Does Anyone Believe Your Sustainability Report?

By ClimateBiz Staff
Published March 30, 2010

LONDON, United Kingdom — Most climate and sustainability data reported by some of the world’s largest companies suffer from a credibility gap, a new report found, largely because companies fail to have the information verified.

A U.K.-based consulting firm surveyed FTSE 350 companies on their disclosure practices, discovering just 75 companies on the index publish some kind of assurance to show the information had been verified. Of these, 62 were based on a recognized assurance standard and performed by a third party, the study found.

Investors clamored for a way to compare the credibility of the vast array of non-financial reports published by companies in their portfolios, particularly for greenhouse gas emissions, prompting the U.K.’s Department for Environment, Food and Rural Affairs (DEFRA), and a group of corporations including Barclays, BP, BAT, CII, SAP and BPR Group, to sponsor the research. Most companies don’t have their greenhouse gas emissions inventories verified: Just 38 did, while seven discussed carbon-reporting criteria and two statements clearly followed a standard.

A widespread problem facing the industry is the lack of standardization of assurance models, creating confusion for investors as to which hold more credibility: stakeholder panels, internal audit statements, celebrity endorsements or independent third-parties.

“As Britain moves toward its goal of reducing carbon emissions by 80 percent by 2050, we need credible sustainability and carbon data,” Ben Murray, managing director of Carbon Smart, the parent company of Smart Sustainability, the initiative that conducted the study, said in a statment. “Currently we don’t have that.”

The findings echo similar results published in’s State of Green Business 2010, which examined the disclosure practices of Standard and Poor’s 500 index.
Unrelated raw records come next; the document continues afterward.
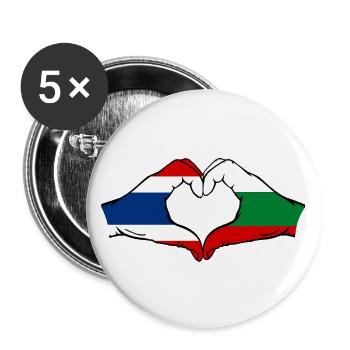 Thailand Bulgaria Flag Hands Heart Shape - Buttons large 2.2''/56 mm (5-pack) - white - Front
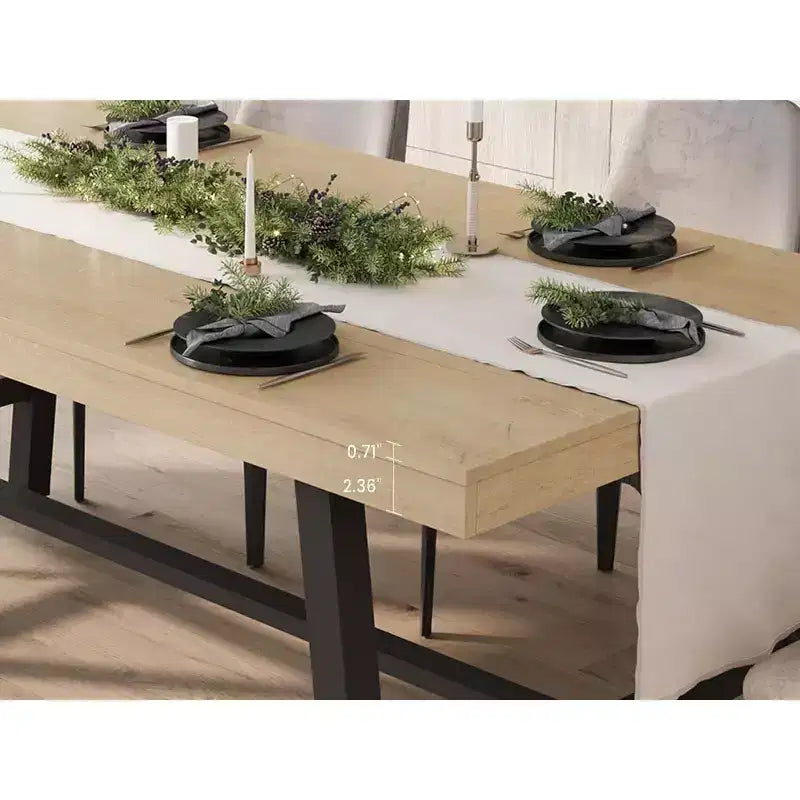 Table à manger industrielle pour 4 à 6 personnes, table de cuisine en bois de 160 cm de long avec cadre métallique robuste – Comptoir rectangulaire pour 4 à 6 personnes pour le dîner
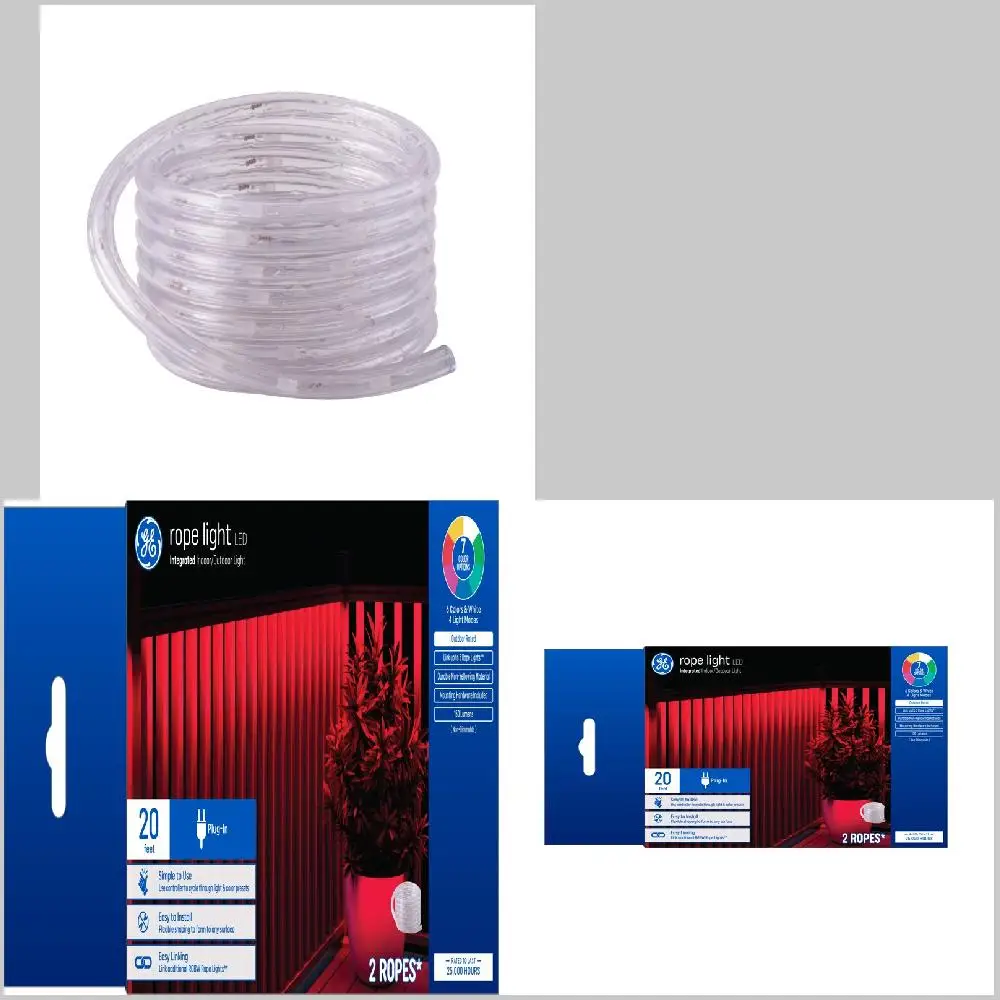 Excellent 2 Pack 10 Foot 16W Color-Changing Outdoor Rated LED Rope Light Fixture, 20 Foot Total with Plug-In Design.
Excellent 2 Pack 10 Foot 16W Color-Changing Outdoor Rated LED Rope Light Fixture, 20 Foot Total with Plug-In Design.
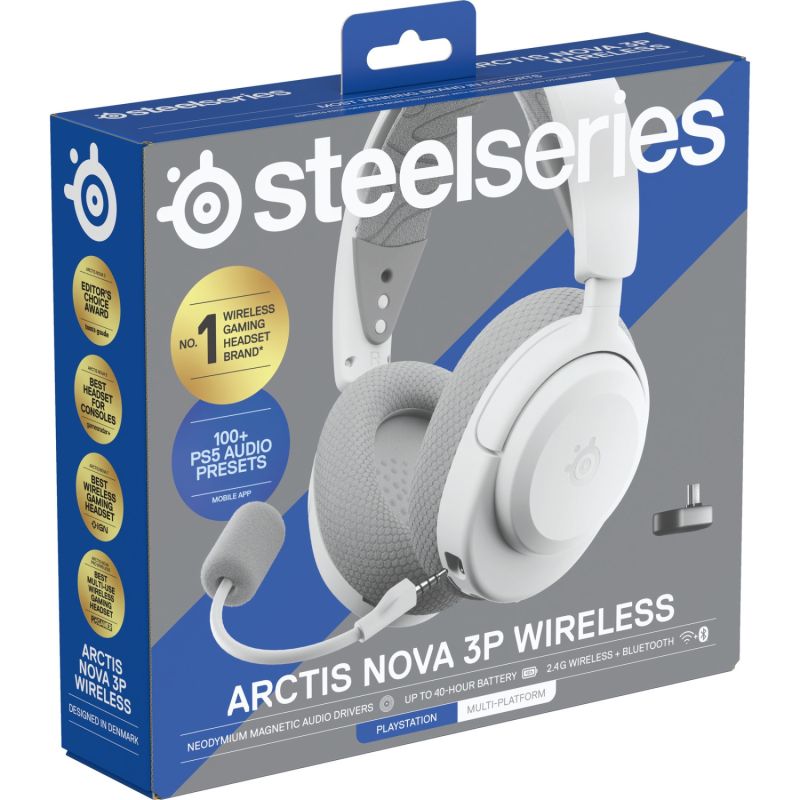 Ігрова гарнітура SteelSeries Arctis Nova 3P Wireless MultiPlatform White (61687)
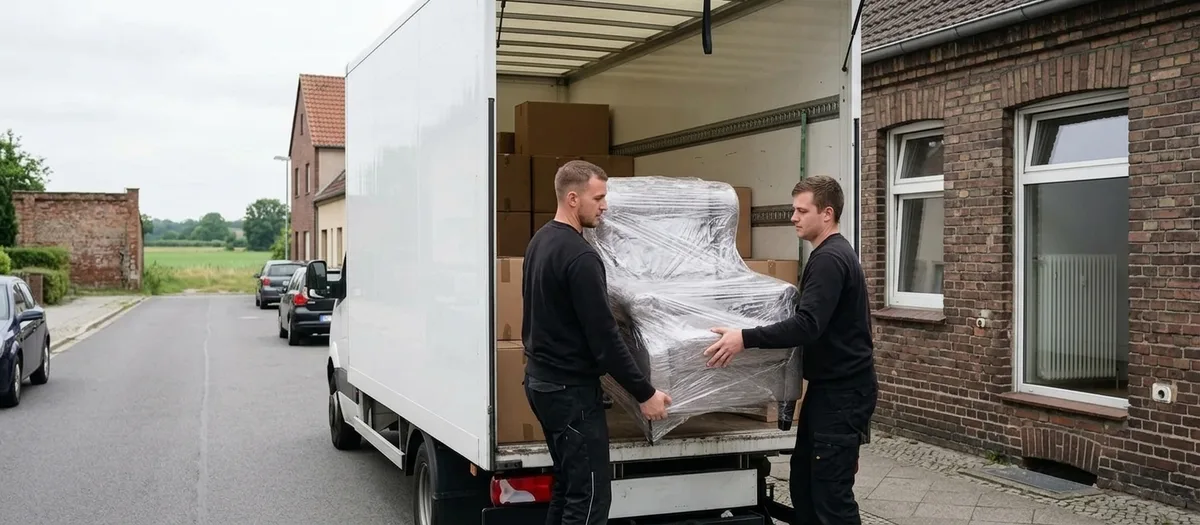 Zwei Umzugshelfer heben einen in Folie gewickelten Sessel in den seitlich geöffneten Umzugswagen, hinter den letzten Häusern beginnt freies Feld.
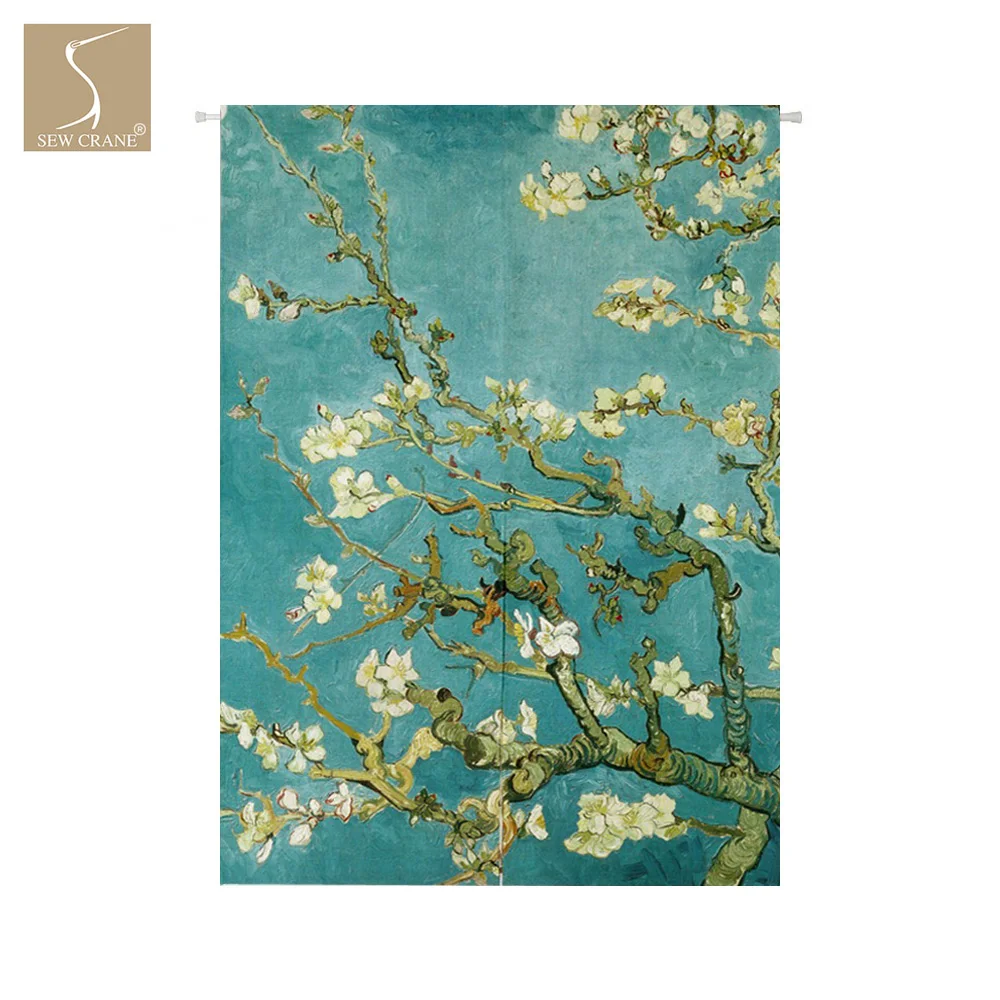 Японская занавеска с миндальным цветком для двери дома офиса ресторана кухни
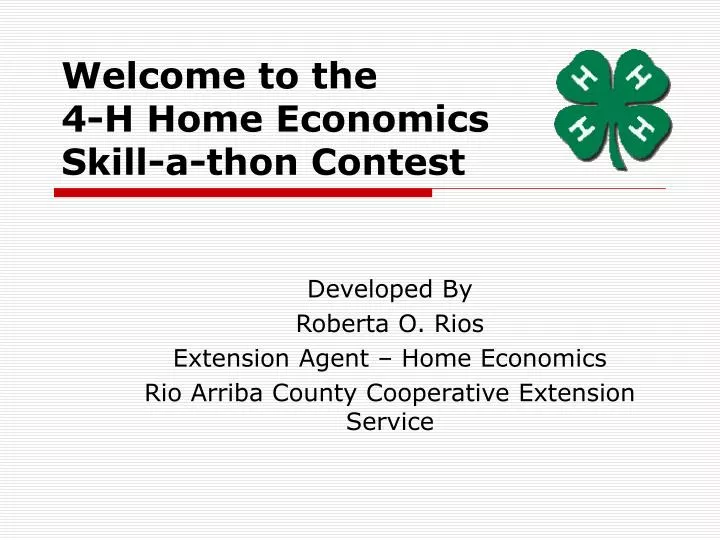 welcome to the 4 h home economics skill a thon contest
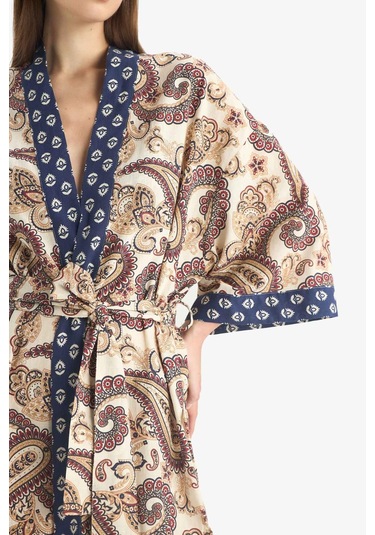 Defacto Regular Fit Kuşaklı Etnik Desenli Pamuklu Kimono-fall İn Love D0456ax25spnv247 Lacivert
Just 7.6 percent of S&P 500 reporters sought third-party verification of their environmental data, compared to the global average of 23 percent and European rate of 30 percent.

The Carbon Disclosure Project will launch a framework with the recommended components of a robust assurance and verification process, in addition to a partnership program with verification professionals to help accelerate the practice, according to Nigel Topping, its chief development officer.

“Confidence in emissions and other climate change data is increasingly important as the issues around climate change become more and more relevant to businesses and investors,” Topping said in a statement last week.